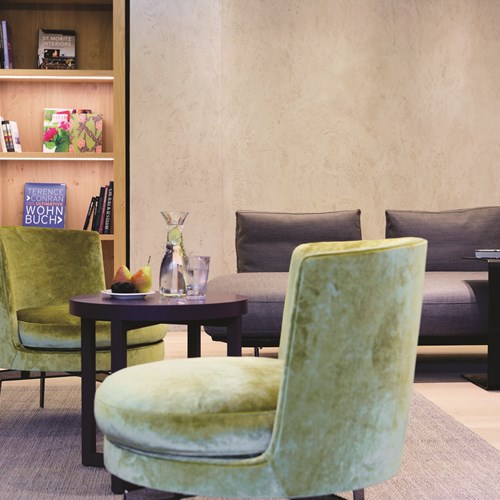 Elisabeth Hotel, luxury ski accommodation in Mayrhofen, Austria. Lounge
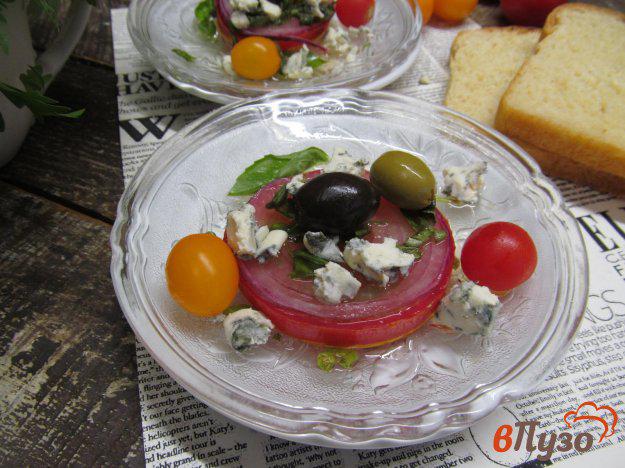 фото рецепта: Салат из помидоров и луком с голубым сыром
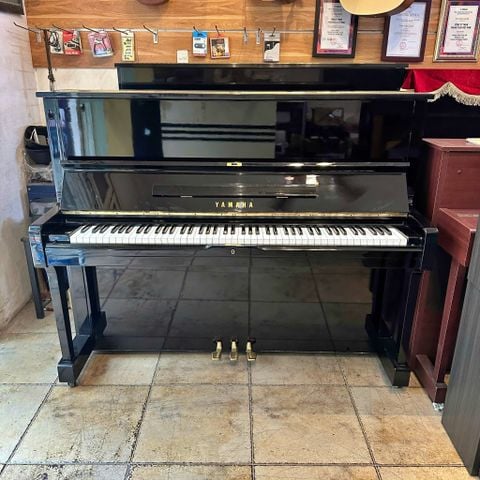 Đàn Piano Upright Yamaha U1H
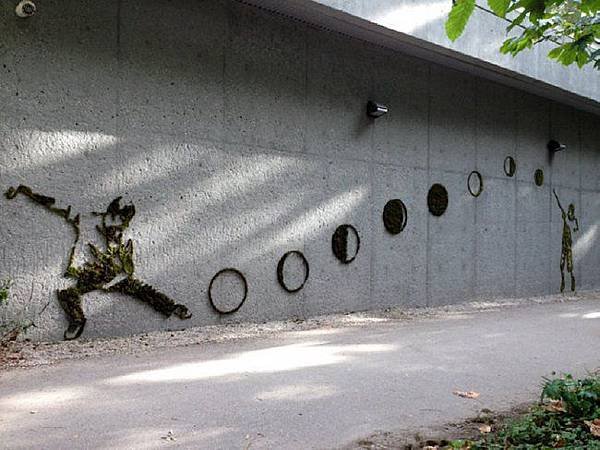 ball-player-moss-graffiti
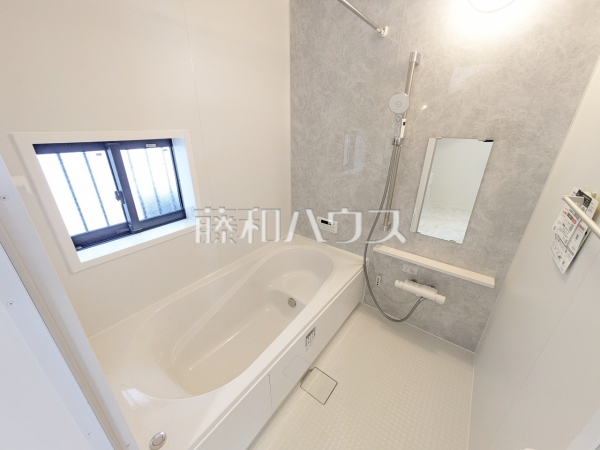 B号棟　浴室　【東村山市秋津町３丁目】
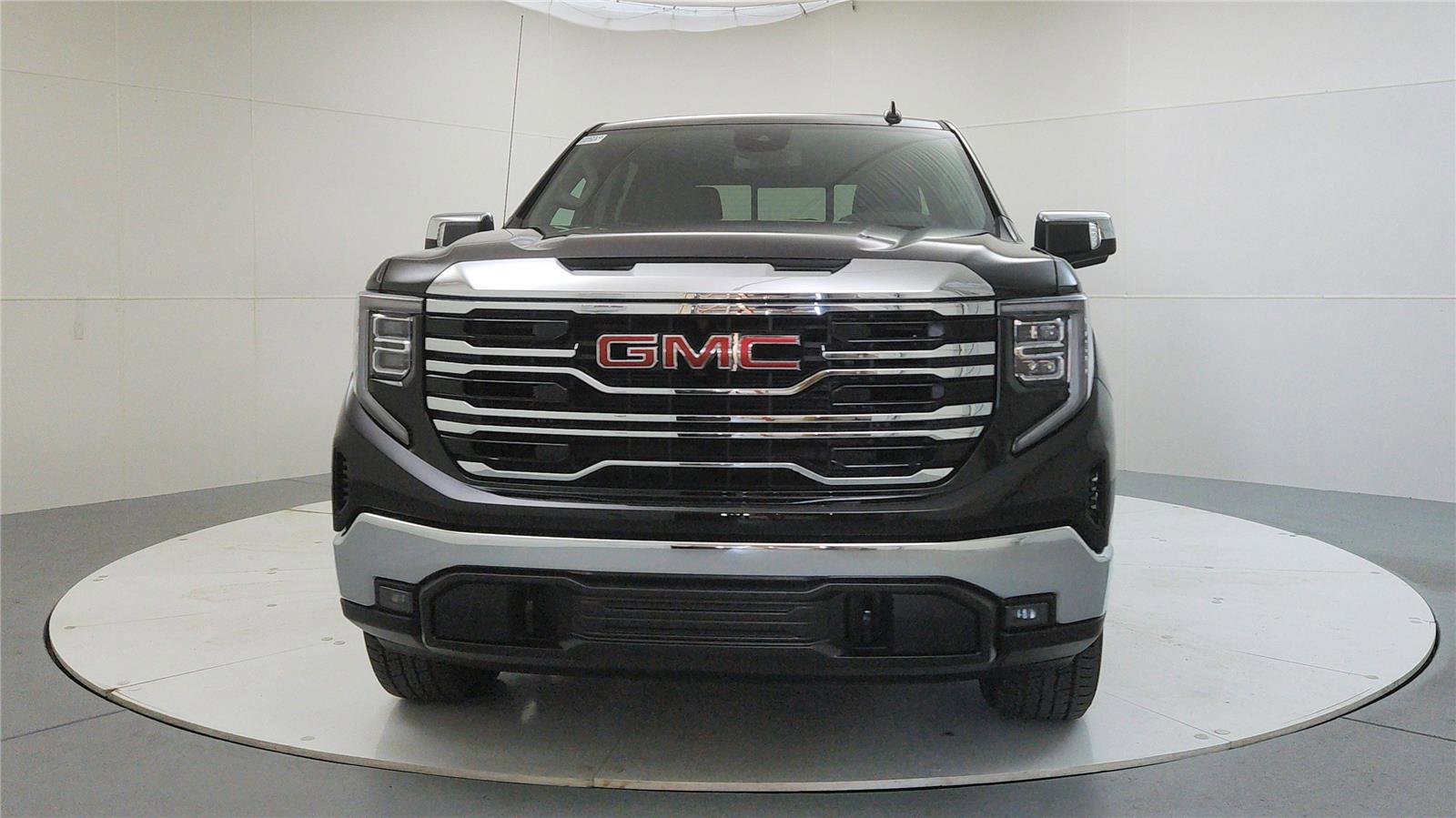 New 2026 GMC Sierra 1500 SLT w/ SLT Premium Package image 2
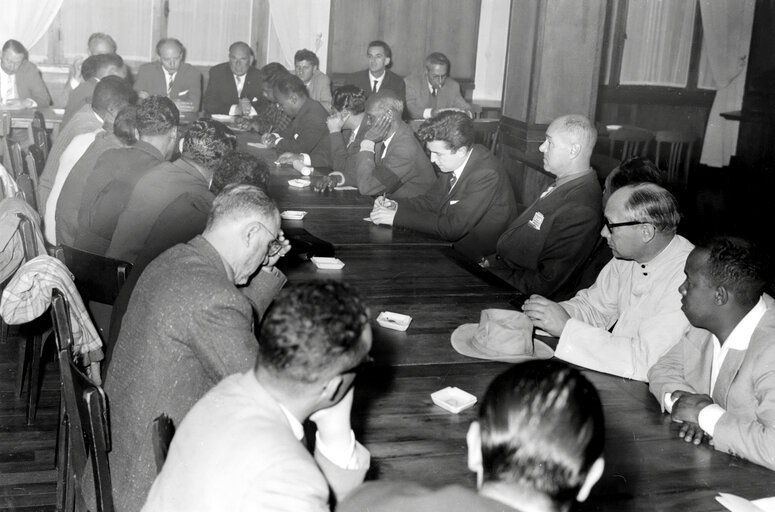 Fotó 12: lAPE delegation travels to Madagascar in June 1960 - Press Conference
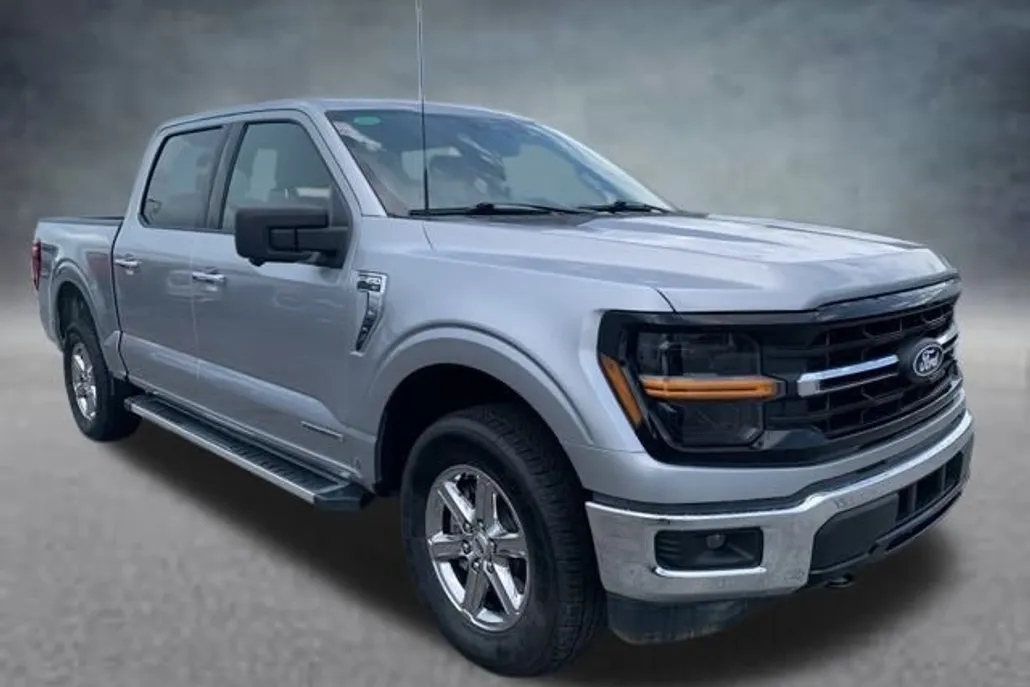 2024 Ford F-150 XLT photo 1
▬▬▬
- [EXERCISE REQUIREMENTS] The expected output is the full data above, reproduced exactly with no images.

- [TASK RESPONSE]
 Elisabeth Hotel, luxury ski accommodation in Mayrhofen, Austria. Lounge
 фото рецепта: Салат из помидоров и луком с голубым сыром
 Đàn Piano Upright Yamaha U1H
 ball-player-moss-graffiti
 B号棟　浴室　【東村山市秋津町３丁目】
 New 2026 GMC Sierra 1500 SLT w/ SLT Premium Package image 2
 Fotó 12: lAPE delegation travels to Madagascar in June 1960 - Press Conference
 2024 Ford F-150 XLT photo 1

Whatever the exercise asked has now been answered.